The next match was the Carnival of Carnage match between The Wyatt Sicks (Uncle Howdy, Dexter Lumis, Joe Gacy, and Erick Rowan) and Pagano and Los Psycho Circus (Psycho Clown, Murder Clown, and Dave the Clown). Pagano and Los Psycho circus appeared via video to welcome everyone to the "carnival of destruction". The Wyatt Sicks went backstage to go to a carnival-themed area. With the assistance of Mascarita Sagrada, Pagano and Los Psycho Circus attacked the Wyatt Sicks before being neutralized by Gacy. Rowan powerbombed Pagano through a stack of tables. Gacy and Lumis were briefly distracted by Pimpinela Escarlata before they resumed their assault on Murder Clown. The match returned to the ring, where the Wyatt Sicks isolated Psycho Clown. Murder Clown and Rowan had a physical confrontation with Rowan coming out on top. Pagano cleared the field with a kendo stick. Dave, Pagano, and Murder Clown dove to the floor. Psycho Clown secured the victory with a Death Valley Driver on Lumis through a table.

The fourth match was a triple threat match for the AAA Cruiserweight Championship, featuring the defending champion Laredo Kid against Je’Von Evans and Jack Cartwheel. All three competitors traded rapid-fire pinning combinations and dropkicks, ending in a standoff. Cartwheel hit a springboard senton to Kid for a near-fall. Evans cleared the ring with acrobatic moves. Cartwheel executed a tiger drop to the outside and a slingshot 450° splash in the ring for a two-count. Evans performed the OG Cutter on Kid, a dive to Cartwheel on the floor, and a frog splash to Kid in the ring, although he was unable to secure the pin. Kid regained control by tossing Evans onto Cartwheel and connecting with a 450° splash. All three men exchanged superkicks and high-impact moves, including Evans intercepting Cartwheel's Phoenix Splash with the OG Cutter. After Evans was neutralized, Kid hit an inverted DDT from the top rope on Cartwheel to secure the pinfall.
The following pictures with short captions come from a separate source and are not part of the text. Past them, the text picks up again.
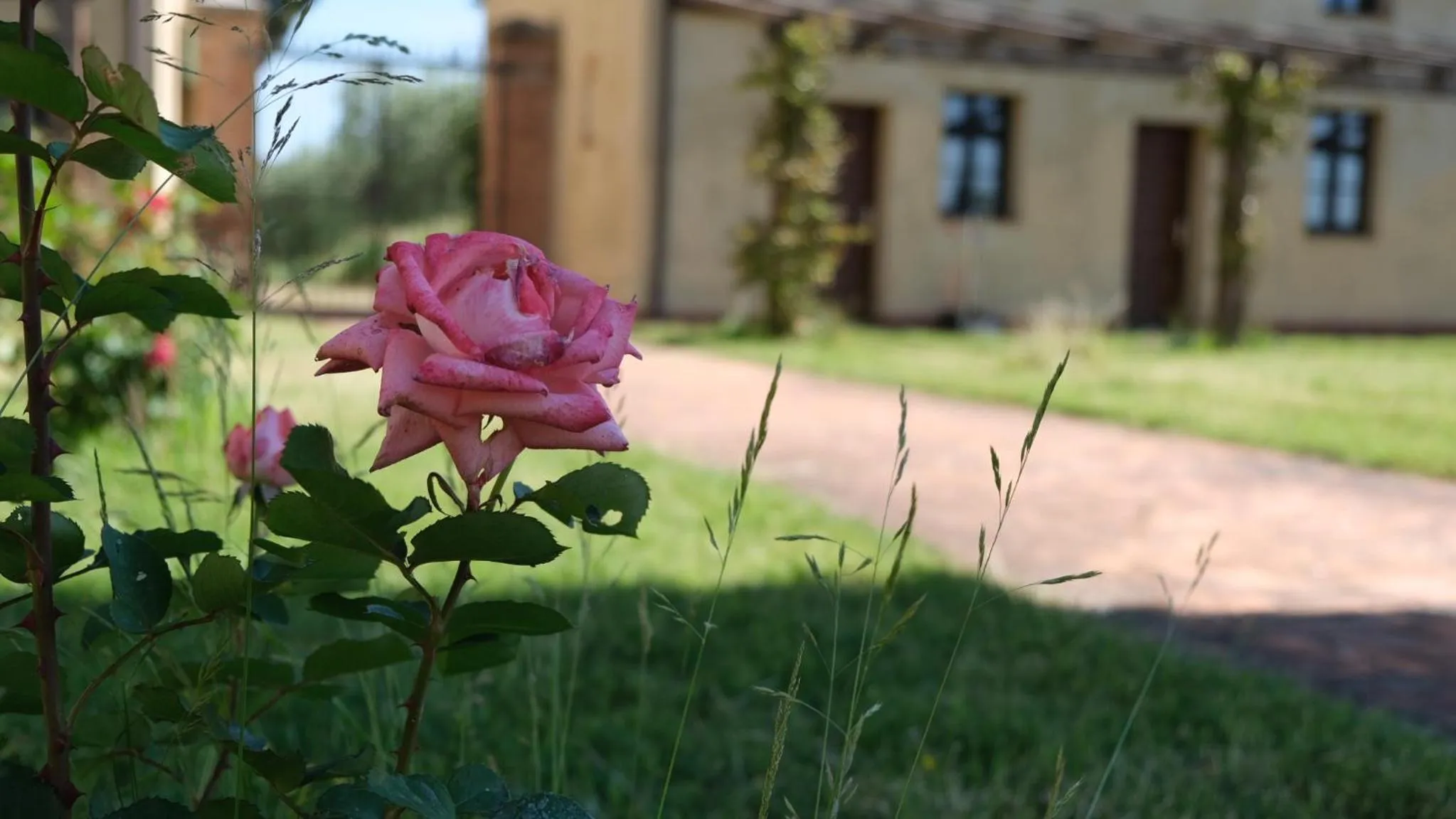 Time of day in Villa Brignole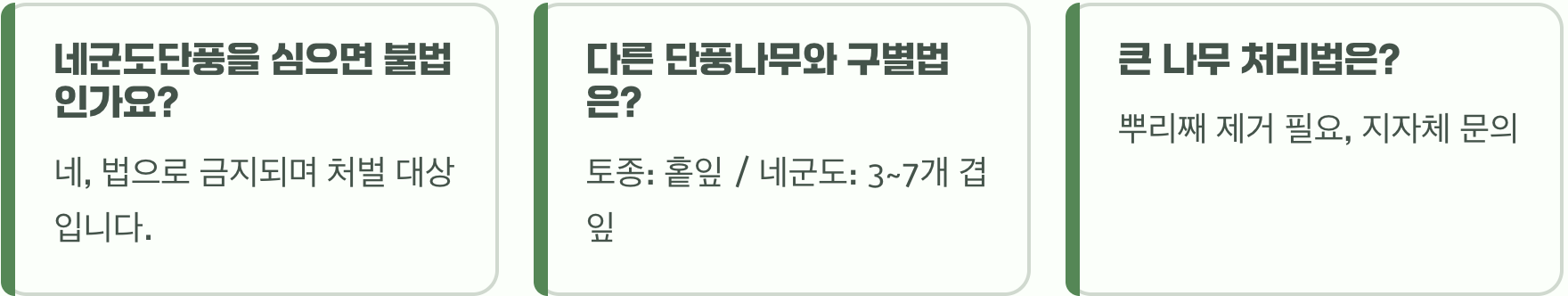네군도단풍, 함부로 심으면 큰일 나는 이유 (생태계 교란종)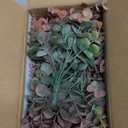 Dahey Artificial Eucalyptus Faux Plants Indoor for Farmhouse Home Decor Fake Plants in Rustic Rectangular Pots Coffee Table Centerpiece for Bathroom Laundry Living Room Greenery Decor, Orange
Next, a six-woman tag team match featured Natalya, Lola Vice, and Faby Apache against Las Tóxicas (Flammer, La Hiedra, and Maravilla). Vice hit rapid-fire strikes early. Las Tóxicas gained the momentum with double-team tactics to isolate Vice. While the referee was distracted by Natalya and Apache, Flammer attacked Vice with the ring steps. Las Tóxicas continued to assault Vice, but she managed to tag in Natalya, who cleared the ring and hit a powerbomb on Flammer for a near-fall. Apache then tagged in to hit the Hart Attack. As Apache and Flammer traded high-impact strikes, Apache eventually hit a bridging dragon suplex, securing the pinfall victory for her team.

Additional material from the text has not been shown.